Na reunião, a organização Trata Brasil realizou uma apresentação, baseada em fotos, tabelas das agências reguladoras e mapas, demonstrando a existência de problemas de tratamento de esgoto, inclusive em cidades consideradas desenvolvidas como Porto Alegre e São Paulo. Um dos problemas apresentados por Édison Carlos, presidente da Trata Brasil, foi a existência de desvio de água – através de encanamentos e ligações clandestinas – para se ter acesso à água. De acordo com Édison, o acesso à água foi o indicador que mais cresceu no Brasil, no entanto este ainda permanece muito desigual. Por um lado, estados como o Distrito Federal com 90% de saneamento e por outro, o Pará com 10% de cobertura. No entanto, os números não refletem a realidade da perda de água no Brasil, não havendo por exemplo, diferenciação entre vazamento por problemas de infra-estrutura e desvio de água/ligações clandestinas. Além do mais, o fato dos dados não serem auditados, dificulta o acesso à informação e a transparência.

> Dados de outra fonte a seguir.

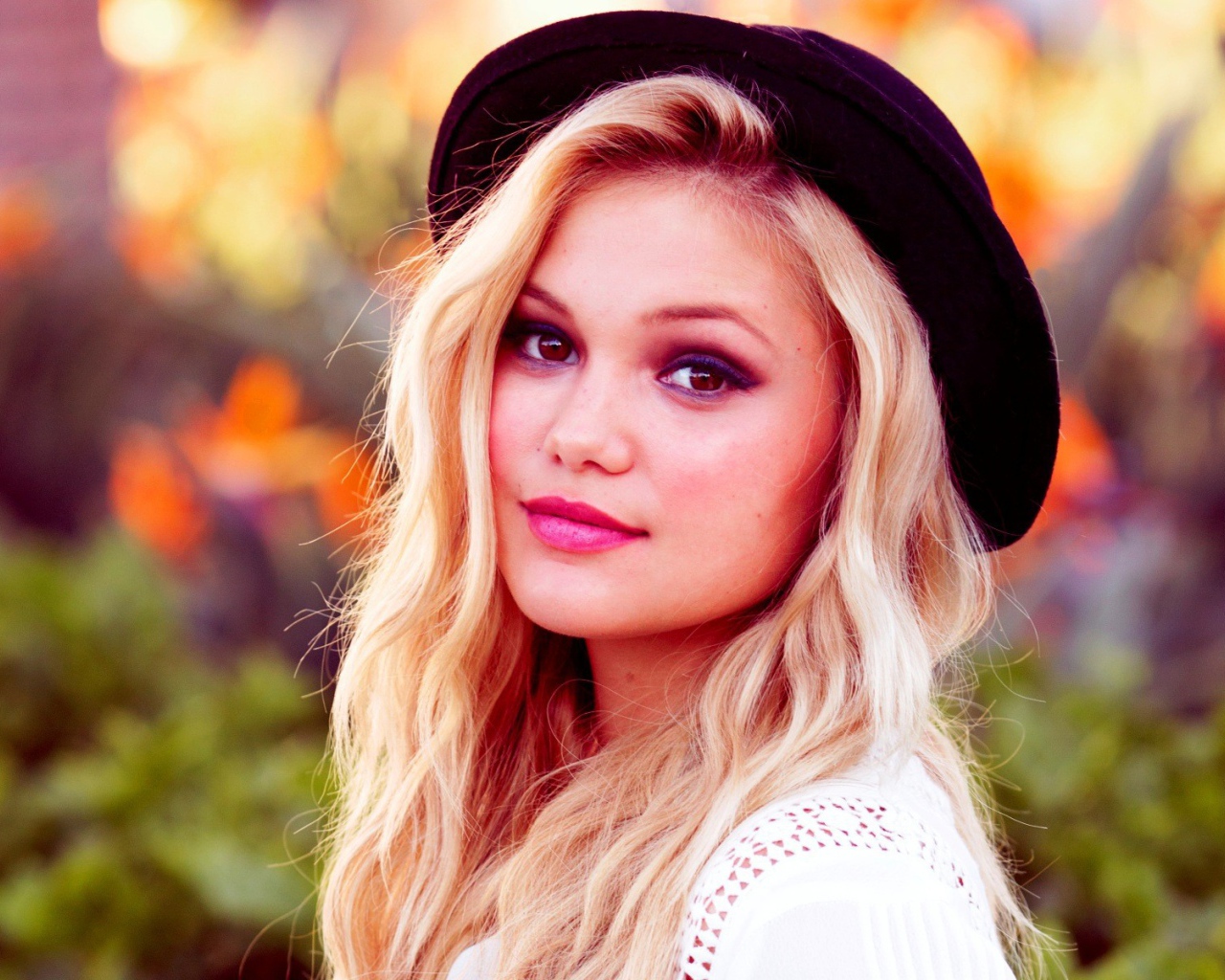 Блондинка в черной шляпе Оливия Холт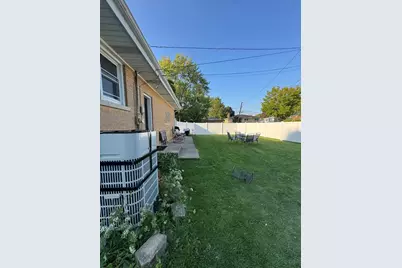 4555 Cleveland Street, Skokie, IL 60076 - Photo 20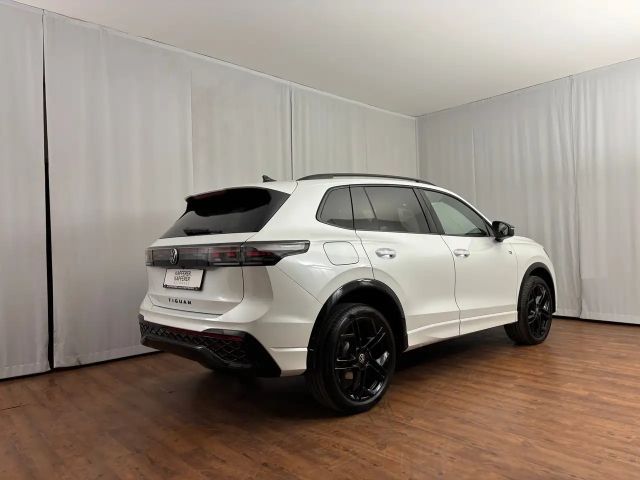Volkswagen Tiguan 4Motion DSG R-Line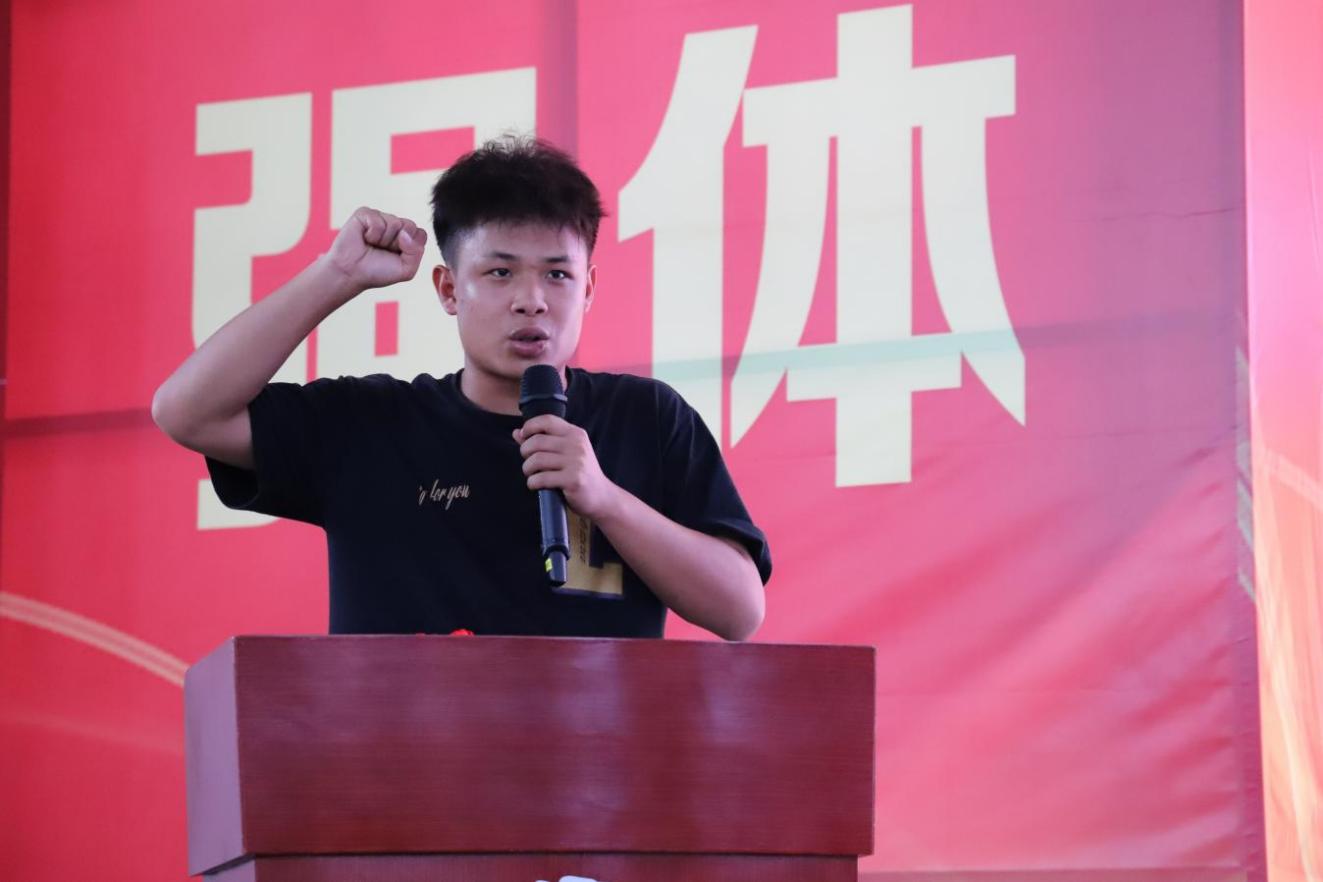 b62d4211fdef4008a4ed1face3be363b b62d4211fdef4008a4ed1face3be363b.Jpeg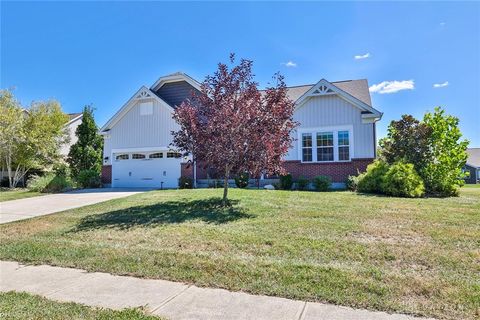 Tiny photo for 1354 Alexander Drive, Hamilton, OH 45013 (MLS # 945301)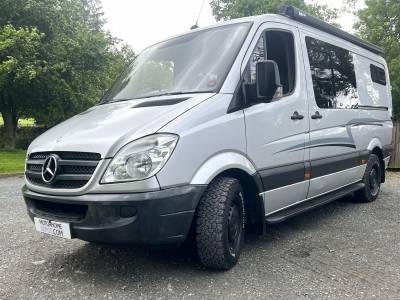 2012 Mercedes Sprinter MWB/Low Adventurevan Camper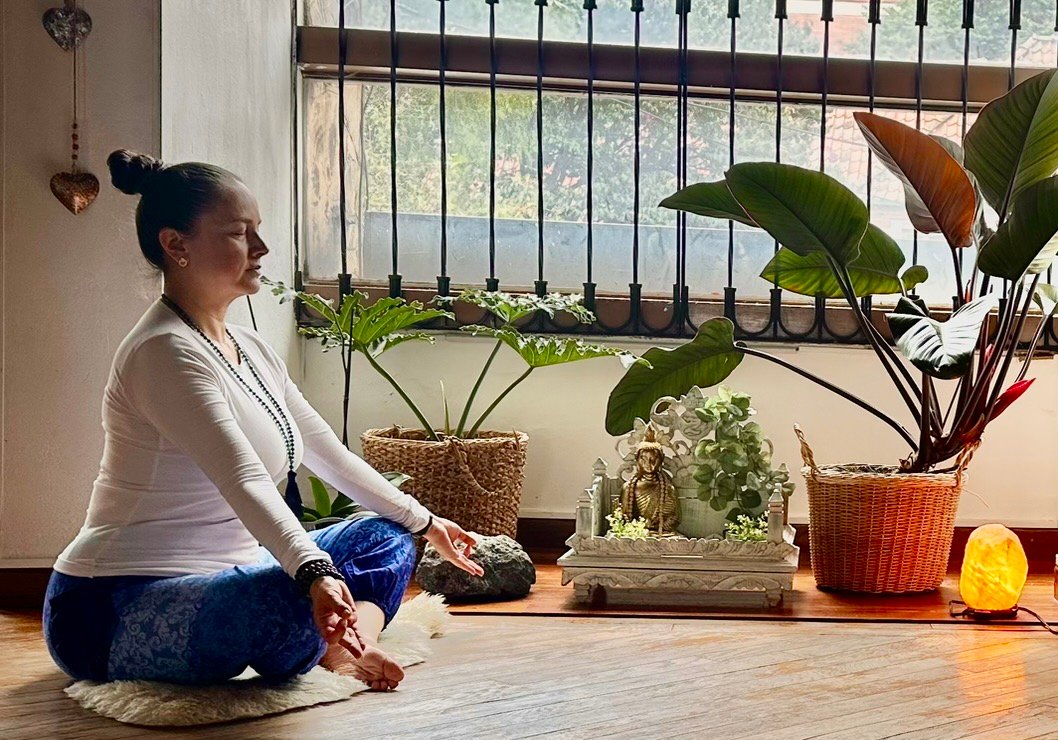 Patricia Olarte en meditación durante una práctica de Zenflow en casa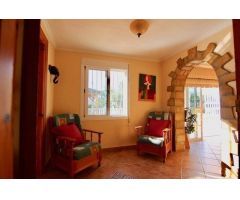 Chalet en Venta en Jalón, Alicante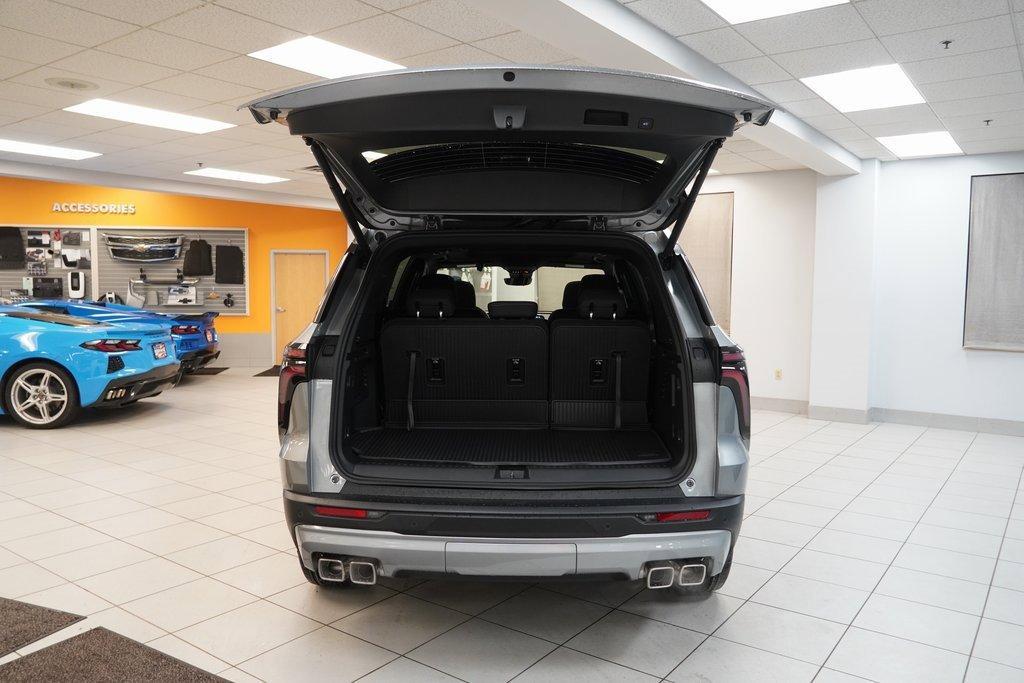 new 2026 Chevrolet Traverse car, priced at $41,845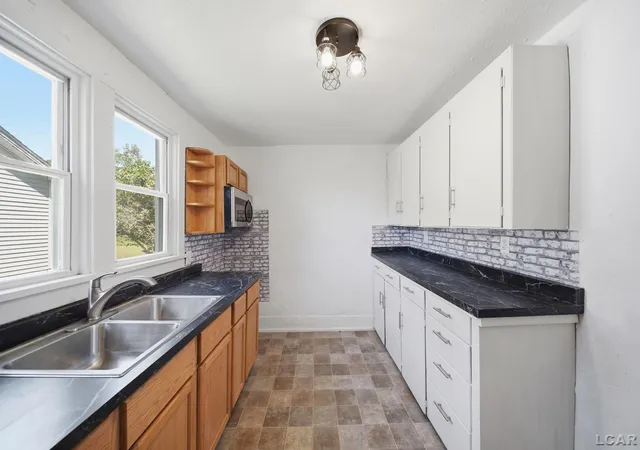 Photo 4 of Single family home for sale at 233 W Congress St, Morenci, MI 49256 | MLS# 56050217683 | Listing updated on 2026-09-18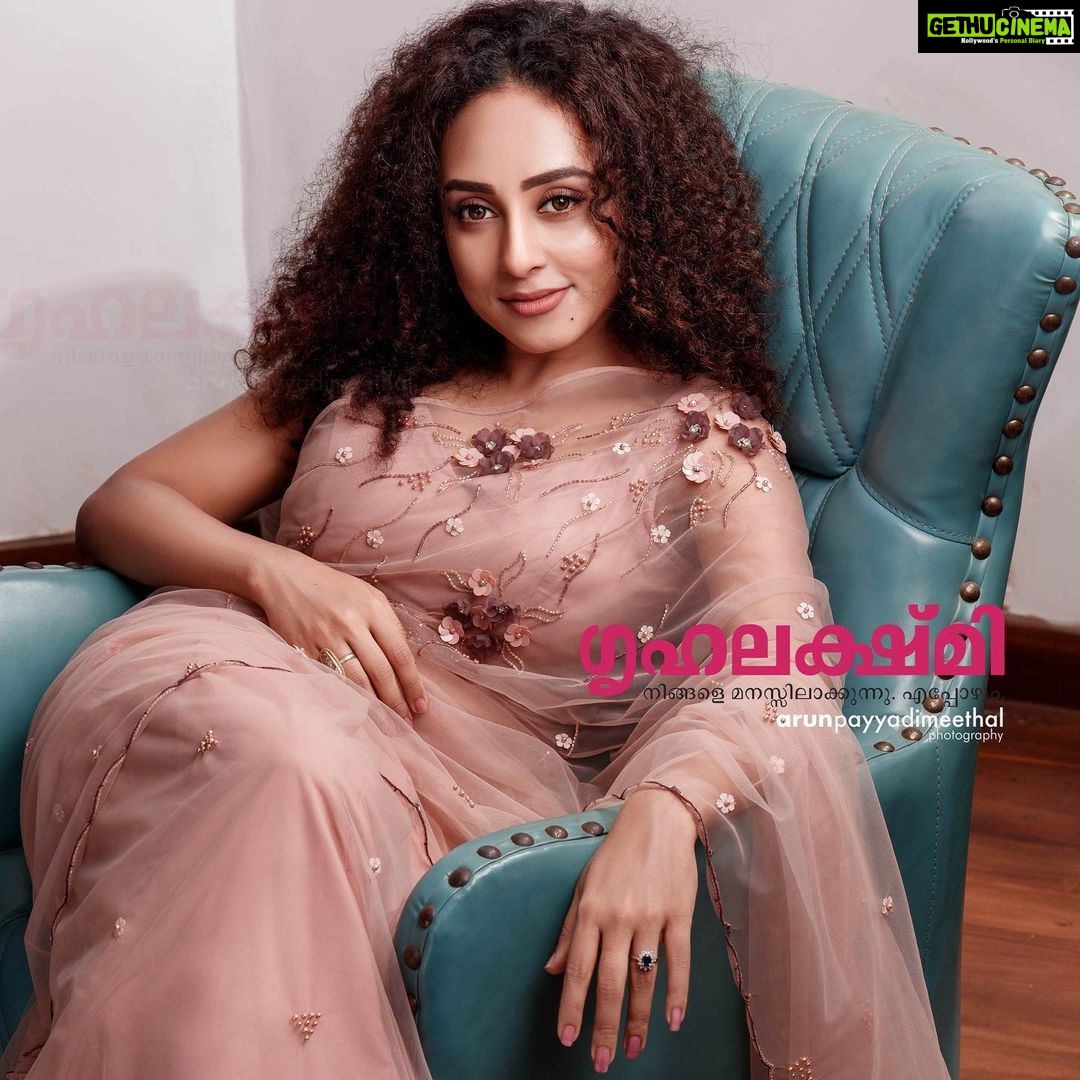 Pearle Maaney Instagram - It’s a Beautiful day... it’s a Beautiful world... look for reasons to Love Life. Look for Blessings. ❤️ . . . . . . . . Photo : @arun_payyadimeethal Styling : @arjun_vasudevs Costume: @prakrithi_by_ramya Makeup : @unnips Retouch: @suveeshgraphiccyanide Cam Assist: @rahulthuvassery Making Video: @shamnad_wedads_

A Relatora da ONU ficou particularmente interessada no testemunho do Defensor Público Patrick Lemos, relatando as investigações sobre o problema de falta de água nas prisões. Segundo o Defensor, há racionamento de água diário nas prisões do Estado, apenas sendo liberada água 4 vezes ao dia, por 10 min cada vez, sendo que os presos são obrigados por lei a se manterem limpos. O Defensor relatou ainda casos de punição aos presos, impedindo o acesso à água, e a indireta promoção/benefícios aos gestores das prisões que economizam recursos e cortam gastos.
Na reunião, a ARTIGO 19 destacou a necessidade de que as políticas públicas sejam elaboradas a partir de um diagnóstico claro, em que as atividades sejam compatíveis com os objetivos propostos, por exemplo em termos de otimização de recursos. A ARTIGO 19 destacou ainda a importância da participação popular e do acesso à informação sobre a qualidade da água, citando o exemplo do semi-árido brasileiro. Não é apenas uma questão de disponibilizar a informação, mas em que linguagem e formato, uma vez que muitas pessoas nem possuem acesso à internet. Por fim, destacamos a importância de acompanhar a implementação e cumprimento da Lei de Acesso à Informação pelos órgãos públicos, seja pela transparência ativa ou passiva, uma vez que temos conhecimento de que pedidos de comunidades afetadas pela seca, por exemplo, ainda não foram respondidos e de que existem casos de intimidação junto das populações que demandam maior informação sobre o acesso a água em suas regiões.
Na rota da visita da Relatora estão ainda Fortaleza, onde visitará Itapipoca, e o Pará. Catarina de Albuquerque irá terminar a sua visita com uma conferência de imprensa em Brasília. O relatório final sobre a sua visita ao Brasil será disponibilizado no primeiro trimestre de 2014.